**Problem requirements**
Retype the data below exactly; skip every image.

**Available data**
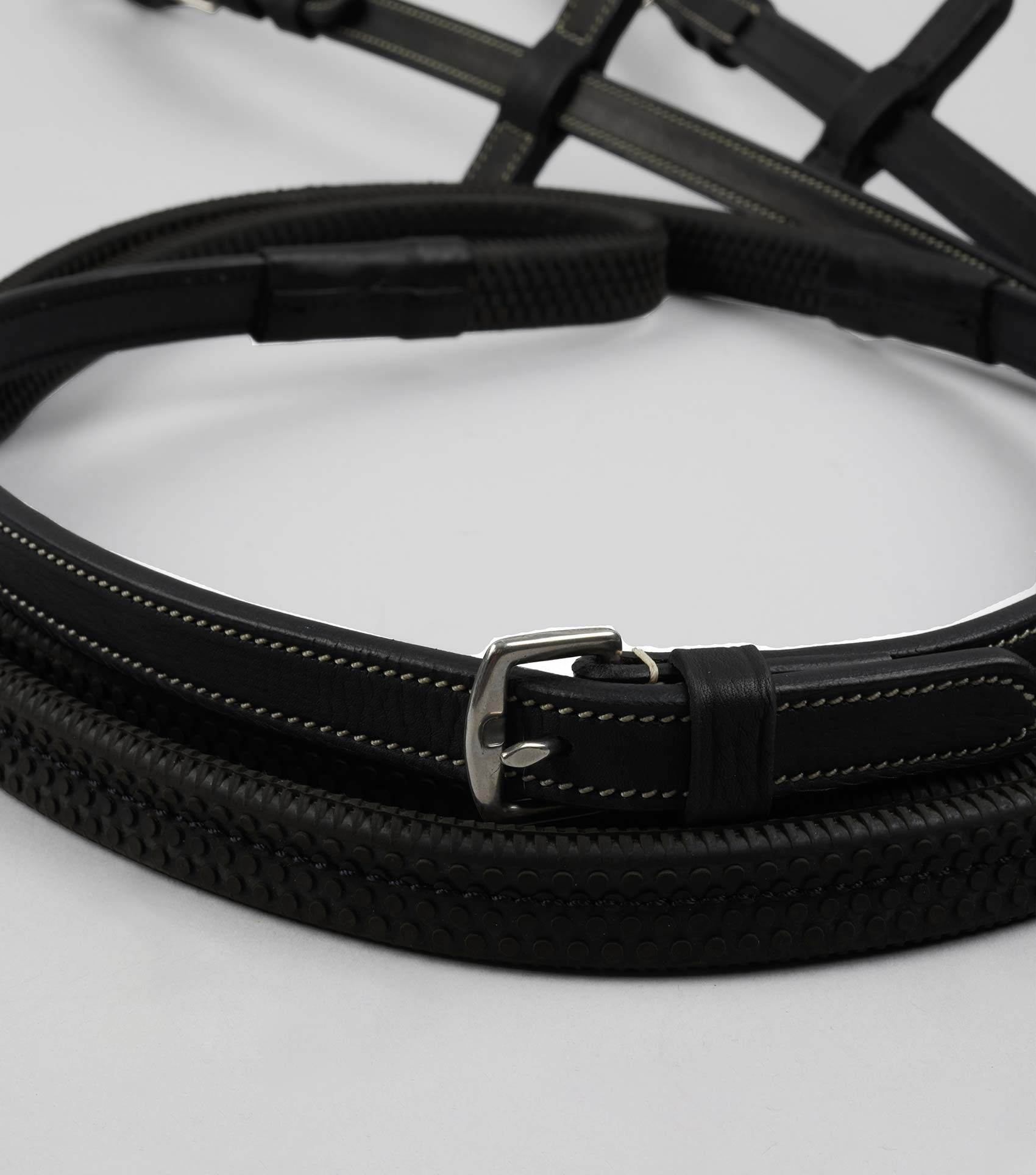 Premier Equine Veneto Rubber Grip Reins - N P Equestrian & Pet Supplies Ltd 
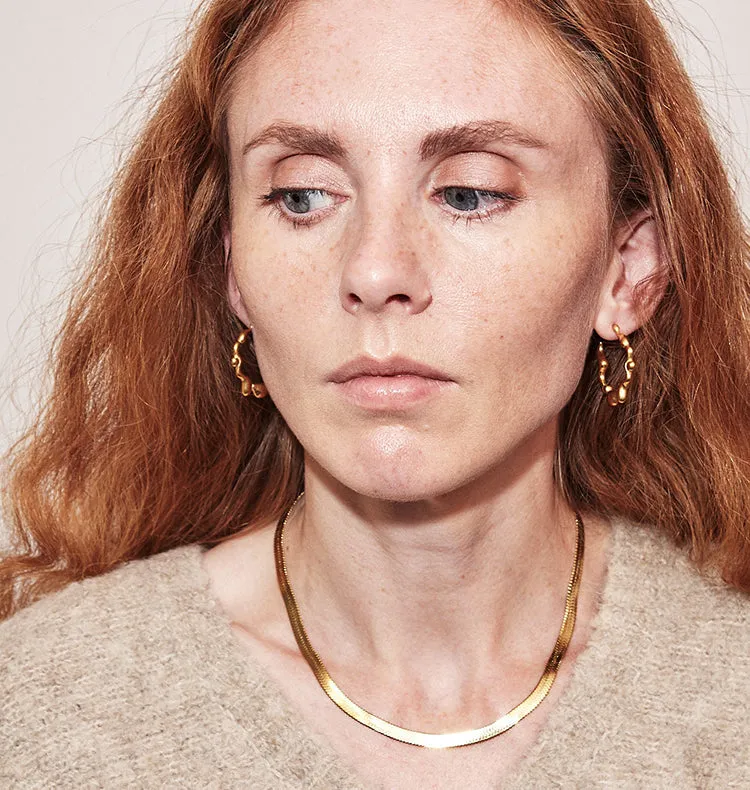 Wos Bonnie halskæde guld slangekæde 45 cm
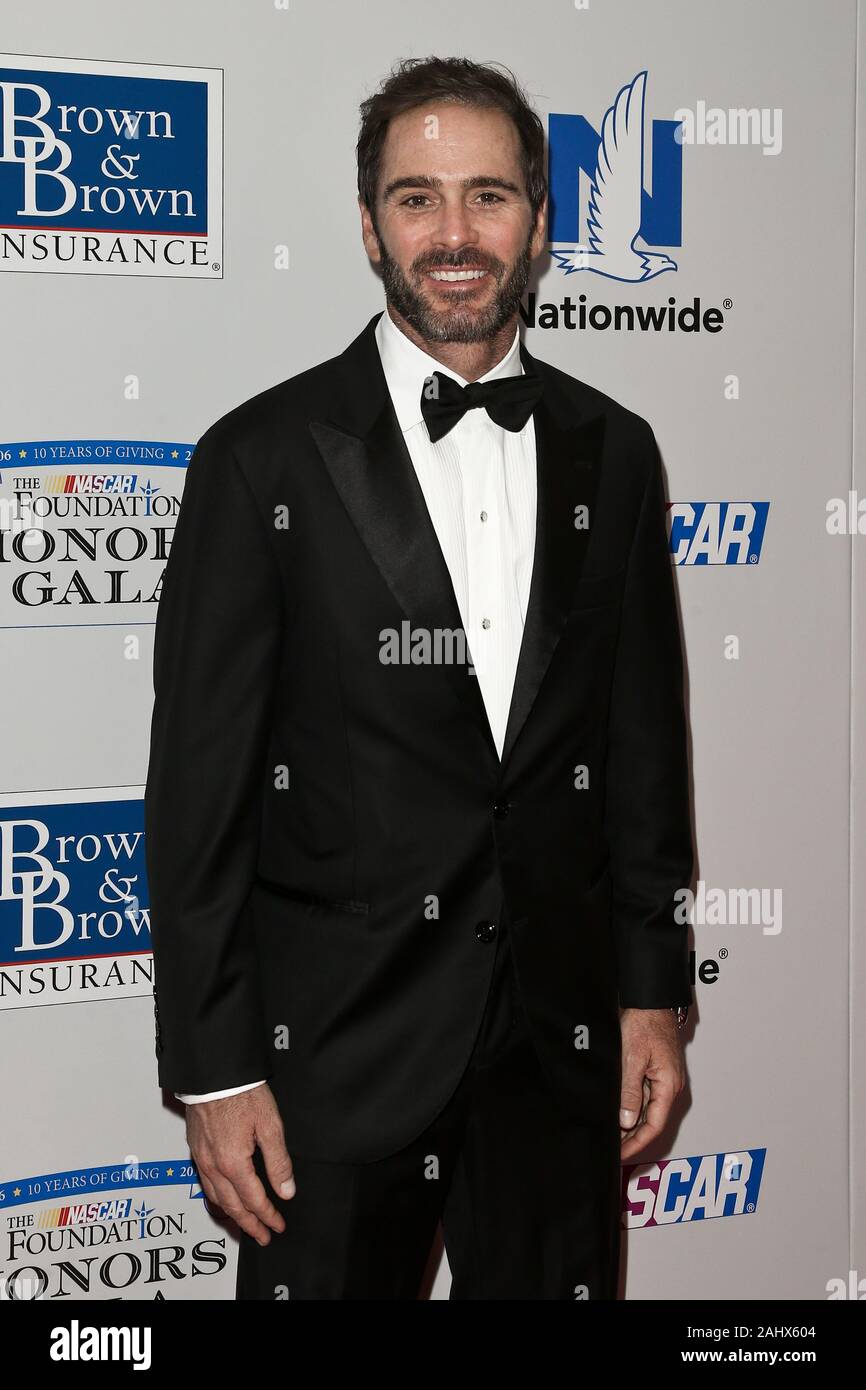 NEW YORK - SEPTEMBER 27: Jimmie Johnson attends the 2016 NASCAR Foundation Honors Gala at Marriott Marquis on September 27, 2016 in New York City. Stock Photo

**Reply to the task**
 Premier Equine Veneto Rubber Grip Reins - N P Equestrian & Pet Supplies Ltd 
 Wos Bonnie halskæde guld slangekæde 45 cm
 NEW YORK - SEPTEMBER 27: Jimmie Johnson attends the 2016 NASCAR Foundation Honors Gala at Marriott Marquis on September 27, 2016 in New York City. Stock Photo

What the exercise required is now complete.